A morte foi confirmada por instituições do sistema de Justiça do Distrito Federal, que divulgaram notas de pesar destacando a trajetória da magistrada. O Tribunal de Justiça do Distrito Federal e dos Territórios decretou luto oficial de três dias.
O velório está previsto para a manhã desta sexta-feira, 20, no Cemitério Campo da Esperança, localizado na Asa Sul, em Brasília. A família informou que outros detalhes sobre as cerimônias serão divulgados posteriormente.
Maria de Lourdes Abreu ocupava, desde 2024, o cargo de ouvidora-geral do TJDFT, função voltada ao fortalecimento da comunicação entre o Judiciário e a sociedade. A escolha foi feita para o biênio 2024–2026.
A carreira da magistrada teve início no Ministério Público do Distrito Federal e Territórios, onde ingressou em fevereiro de 1981. Ao longo dos anos, passou por diferentes funções até chegar ao cargo de procuradora de Justiça, em 1994.
Durante sua atuação no Ministério Público, também integrou o Conselho Superior da instituição e dirigiu a Fundação Escola Superior, participando de iniciativas voltadas à formação e aperfeiçoamento de membros da carreira.
Em 2014, foi nomeada desembargadora do TJDFT em vaga destinada ao Ministério Público. Antes disso, coordenava a área responsável por temas ligados à ordem jurídica, incluindo meio ambiente, urbanismo e patrimônio cultural.

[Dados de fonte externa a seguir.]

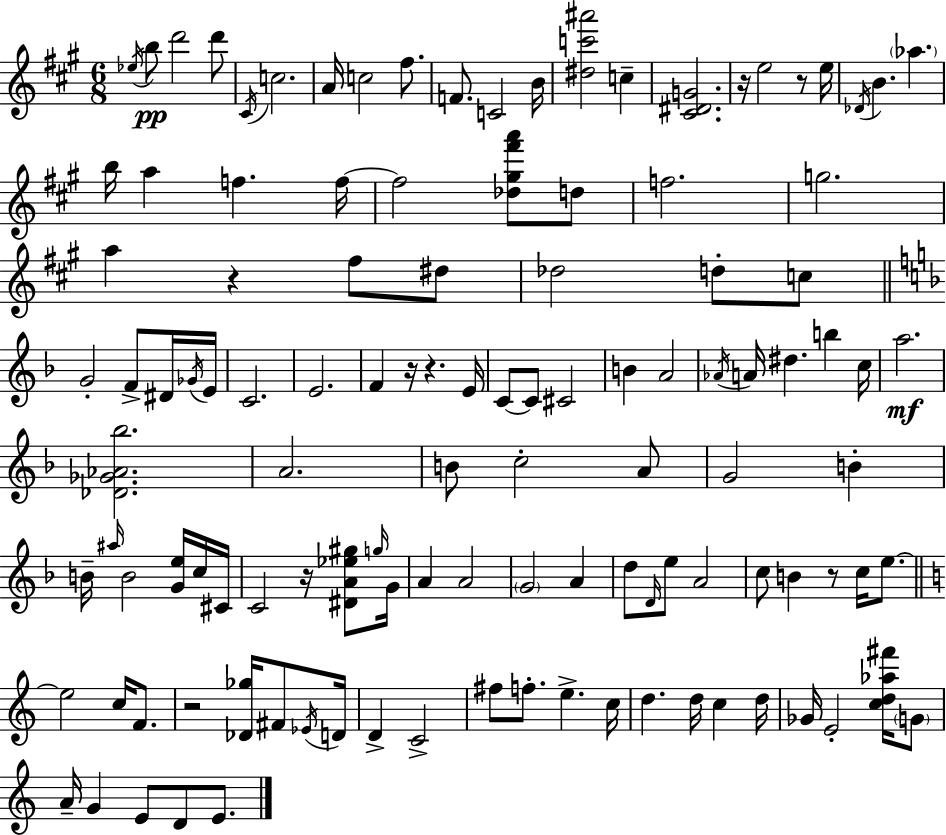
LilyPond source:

{
  \clef treble
  \numericTimeSignature
  \time 6/8
  \key a \major
  \repeat volta 2 { \acciaccatura { ees''16 }\pp b''8 d'''2 d'''8 | \acciaccatura { cis'16 } c''2. | a'16 c''2 fis''8. | f'8. c'2 | \break b'16 <dis'' c''' ais'''>2 c''4-- | <cis' dis' g'>2. | r16 e''2 r8 | e''16 \acciaccatura { des'16 } b'4. \parenthesize aes''4. | \break b''16 a''4 f''4. | f''16~~ f''2 <des'' gis'' fis''' a'''>8 | d''8 f''2. | g''2. | \break a''4 r4 fis''8 | dis''8 des''2 d''8-. | c''8 \bar "||" \break \key f \major g'2-. f'8-> dis'16 \acciaccatura { ges'16 } | e'16 c'2. | e'2. | f'4 r16 r4. | \break e'16 c'8~~ c'8 cis'2 | b'4 a'2 | \acciaccatura { aes'16 } a'16 dis''4. b''4 | c''16 a''2.\mf | \break <des' ges' aes' bes''>2. | a'2. | b'8 c''2-. | a'8 g'2 b'4-. | \break b'16-- \grace { ais''16 } b'2 | <g' e''>16 c''16 cis'16 c'2 r16 | <dis' a' ees'' gis''>8 \grace { g''16 } g'16 a'4 a'2 | \parenthesize g'2 | \break a'4 d''8 \grace { d'16 } e''8 a'2 | c''8 b'4 r8 | c''16 e''8.~~ \bar "||" \break \key c \major e''2 c''16 f'8. | r2 <des' ges''>16 fis'8 \acciaccatura { ees'16 } | d'16 d'4-> c'2-> | fis''8 f''8.-. e''4.-> | \break c''16 d''4. d''16 c''4 | d''16 ges'16 e'2-. <c'' d'' aes'' fis'''>16 \parenthesize g'8 | a'16-- g'4 e'8 d'8 e'8. | } \bar "|."
}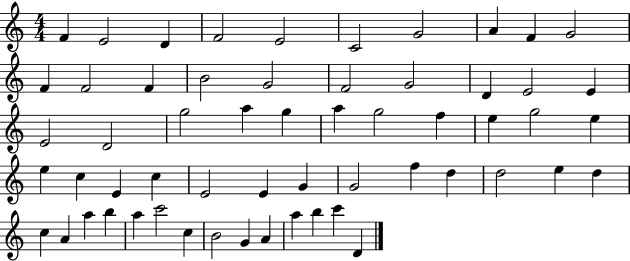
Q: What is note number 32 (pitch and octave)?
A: E5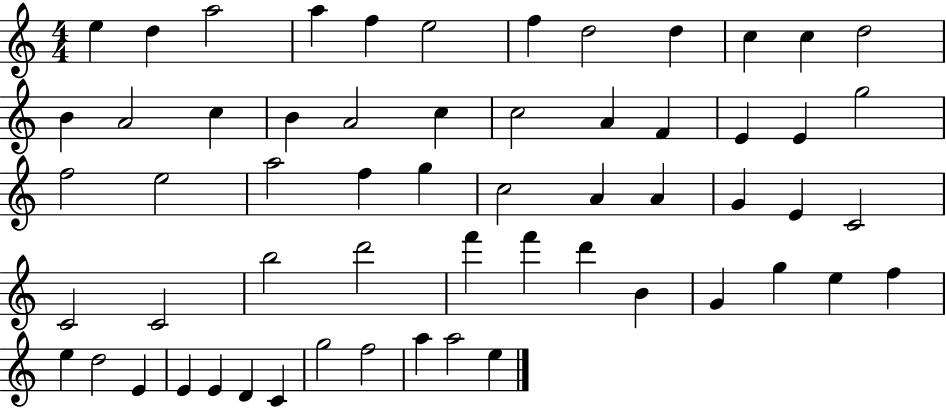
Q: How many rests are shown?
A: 0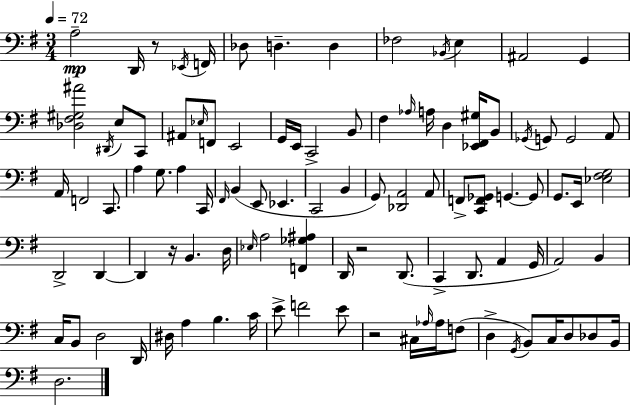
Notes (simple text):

A3/h D2/s R/e Eb2/s F2/s Db3/e D3/q. D3/q FES3/h Bb2/s E3/q A#2/h G2/q [Db3,F#3,G#3,A#4]/h D#2/s E3/e C2/e A#2/e Eb3/s F2/e E2/h G2/s E2/s C2/h B2/e F#3/q Ab3/s A3/s D3/q [Eb2,F#2,G#3]/s B2/e Gb2/s G2/e G2/h A2/e A2/s F2/h C2/e. A3/q G3/e. A3/q C2/s F#2/s B2/q E2/e Eb2/q. C2/h B2/q G2/e [Db2,A2]/h A2/e F2/e [C2,F2,Gb2]/e G2/q. G2/e G2/e. E2/s [Eb3,F#3,G3]/h D2/h D2/q D2/q R/s B2/q. D3/s Eb3/s A3/h [F2,Gb3,A#3]/q D2/s R/h D2/e. C2/q D2/e. A2/q G2/s A2/h B2/q C3/s B2/e D3/h D2/s D#3/s A3/q B3/q. C4/s E4/e F4/h E4/e R/h C#3/s Ab3/s Ab3/s F3/e D3/q G2/s B2/e C3/s D3/e Db3/e B2/s D3/h.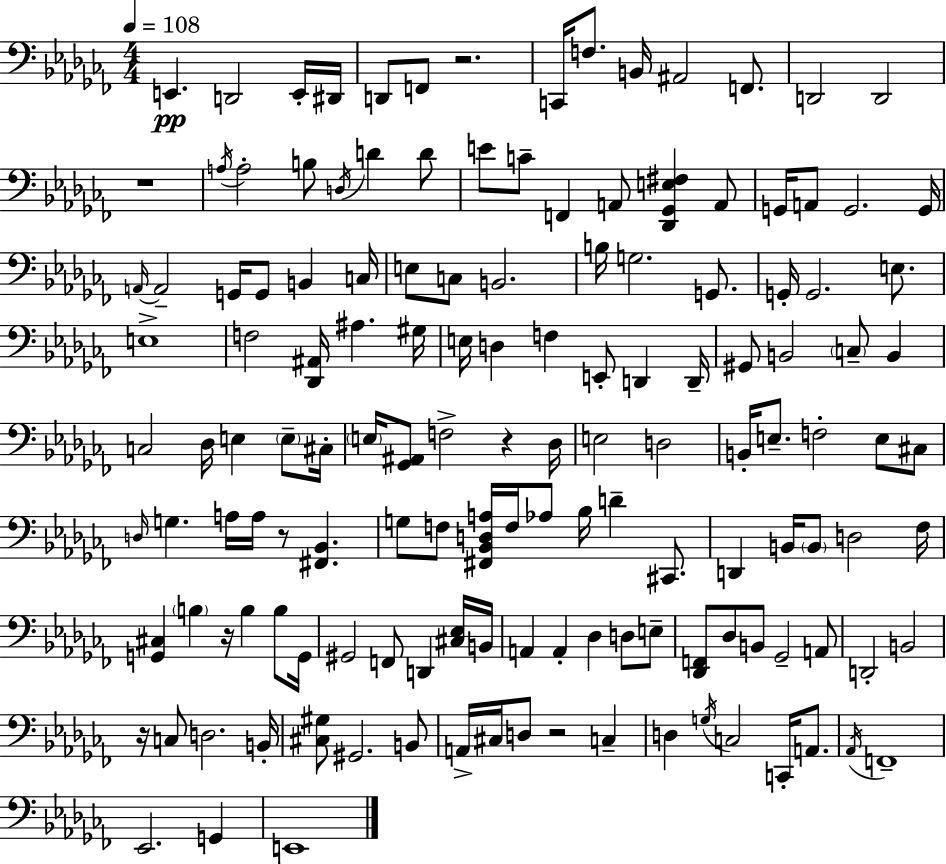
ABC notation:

X:1
T:Untitled
M:4/4
L:1/4
K:Abm
E,, D,,2 E,,/4 ^D,,/4 D,,/2 F,,/2 z2 C,,/4 F,/2 B,,/4 ^A,,2 F,,/2 D,,2 D,,2 z4 A,/4 A,2 B,/2 D,/4 D D/2 E/2 C/2 F,, A,,/2 [_D,,_G,,E,^F,] A,,/2 G,,/4 A,,/2 G,,2 G,,/4 A,,/4 A,,2 G,,/4 G,,/2 B,, C,/4 E,/2 C,/2 B,,2 B,/4 G,2 G,,/2 G,,/4 G,,2 E,/2 E,4 F,2 [_D,,^A,,]/4 ^A, ^G,/4 E,/4 D, F, E,,/2 D,, D,,/4 ^G,,/2 B,,2 C,/2 B,, C,2 _D,/4 E, E,/2 ^C,/4 E,/4 [_G,,^A,,]/2 F,2 z _D,/4 E,2 D,2 B,,/4 E,/2 F,2 E,/2 ^C,/2 D,/4 G, A,/4 A,/4 z/2 [^F,,_B,,] G,/2 F,/2 [^F,,_B,,D,A,]/4 F,/4 _A,/2 _B,/4 D ^C,,/2 D,, B,,/4 B,,/2 D,2 _F,/4 [G,,^C,] B, z/4 B, B,/2 G,,/4 ^G,,2 F,,/2 D,, [^C,_E,]/4 B,,/4 A,, A,, _D, D,/2 E,/2 [_D,,F,,]/2 _D,/2 B,,/2 _G,,2 A,,/2 D,,2 B,,2 z/4 C,/2 D,2 B,,/4 [^C,^G,]/2 ^G,,2 B,,/2 A,,/4 ^C,/4 D,/2 z2 C, D, G,/4 C,2 C,,/4 A,,/2 _A,,/4 F,,4 _E,,2 G,, E,,4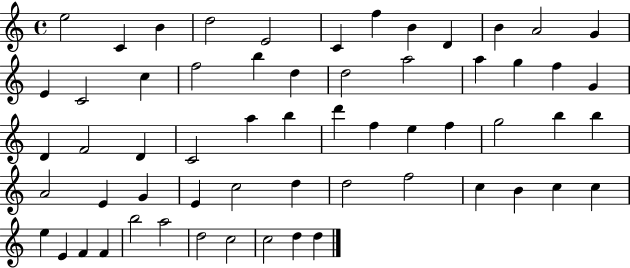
{
  \clef treble
  \time 4/4
  \defaultTimeSignature
  \key c \major
  e''2 c'4 b'4 | d''2 e'2 | c'4 f''4 b'4 d'4 | b'4 a'2 g'4 | \break e'4 c'2 c''4 | f''2 b''4 d''4 | d''2 a''2 | a''4 g''4 f''4 g'4 | \break d'4 f'2 d'4 | c'2 a''4 b''4 | d'''4 f''4 e''4 f''4 | g''2 b''4 b''4 | \break a'2 e'4 g'4 | e'4 c''2 d''4 | d''2 f''2 | c''4 b'4 c''4 c''4 | \break e''4 e'4 f'4 f'4 | b''2 a''2 | d''2 c''2 | c''2 d''4 d''4 | \break \bar "|."
}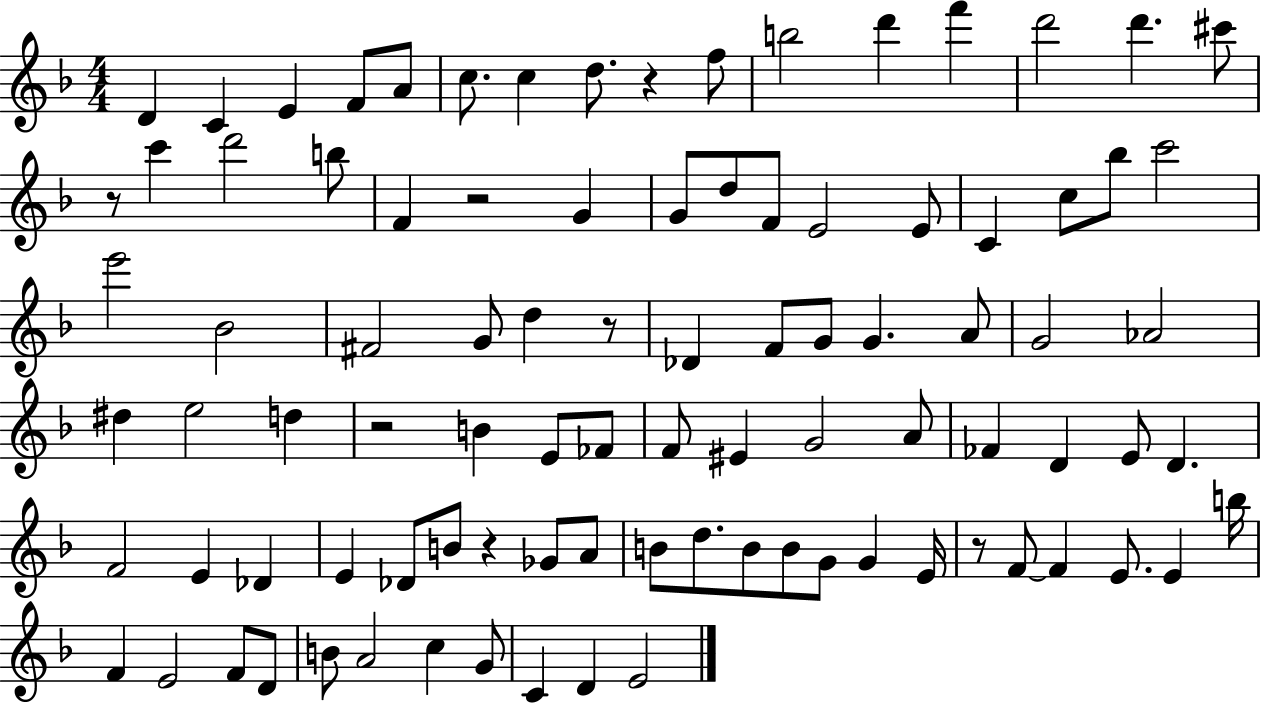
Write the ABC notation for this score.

X:1
T:Untitled
M:4/4
L:1/4
K:F
D C E F/2 A/2 c/2 c d/2 z f/2 b2 d' f' d'2 d' ^c'/2 z/2 c' d'2 b/2 F z2 G G/2 d/2 F/2 E2 E/2 C c/2 _b/2 c'2 e'2 _B2 ^F2 G/2 d z/2 _D F/2 G/2 G A/2 G2 _A2 ^d e2 d z2 B E/2 _F/2 F/2 ^E G2 A/2 _F D E/2 D F2 E _D E _D/2 B/2 z _G/2 A/2 B/2 d/2 B/2 B/2 G/2 G E/4 z/2 F/2 F E/2 E b/4 F E2 F/2 D/2 B/2 A2 c G/2 C D E2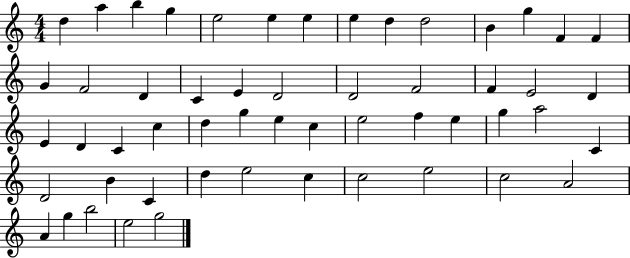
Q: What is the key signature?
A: C major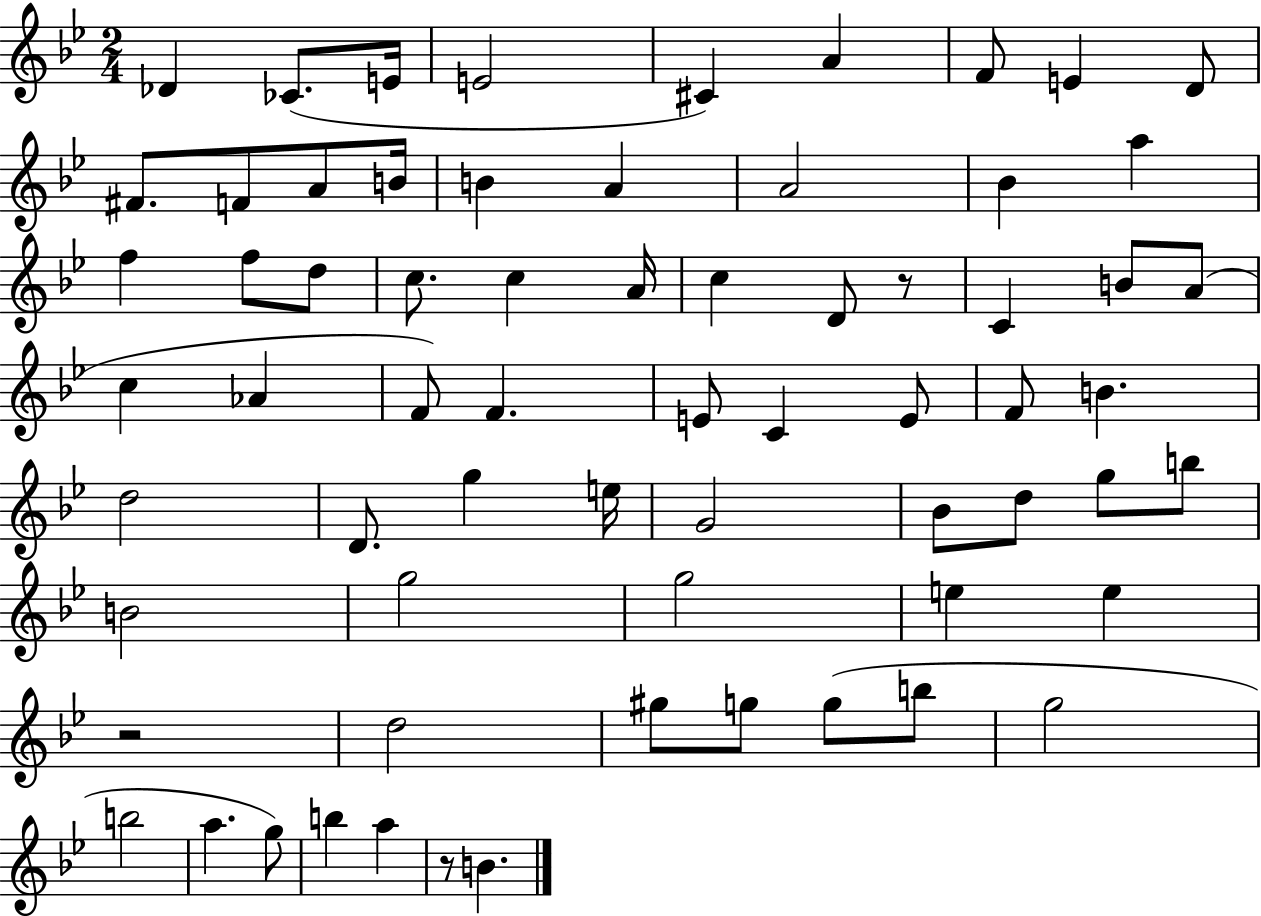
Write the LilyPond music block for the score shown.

{
  \clef treble
  \numericTimeSignature
  \time 2/4
  \key bes \major
  des'4 ces'8.( e'16 | e'2 | cis'4) a'4 | f'8 e'4 d'8 | \break fis'8. f'8 a'8 b'16 | b'4 a'4 | a'2 | bes'4 a''4 | \break f''4 f''8 d''8 | c''8. c''4 a'16 | c''4 d'8 r8 | c'4 b'8 a'8( | \break c''4 aes'4 | f'8) f'4. | e'8 c'4 e'8 | f'8 b'4. | \break d''2 | d'8. g''4 e''16 | g'2 | bes'8 d''8 g''8 b''8 | \break b'2 | g''2 | g''2 | e''4 e''4 | \break r2 | d''2 | gis''8 g''8 g''8( b''8 | g''2 | \break b''2 | a''4. g''8) | b''4 a''4 | r8 b'4. | \break \bar "|."
}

Ao longo da trajetória, também exerceu funções em âmbito nacional, como a de secretária-executiva do Conselho Nacional de Procuradores-Gerais, além de atuação como assessora em órgão federal.
Em nota, o Ministério Público do DF ressaltou que a magistrada construiu uma carreira marcada pela atuação institucional e contribuição ao fortalecimento do sistema de Justiça. Já o Tribunal de Justiça destacou o comprometimento da desembargadora com suas funções ao longo das décadas.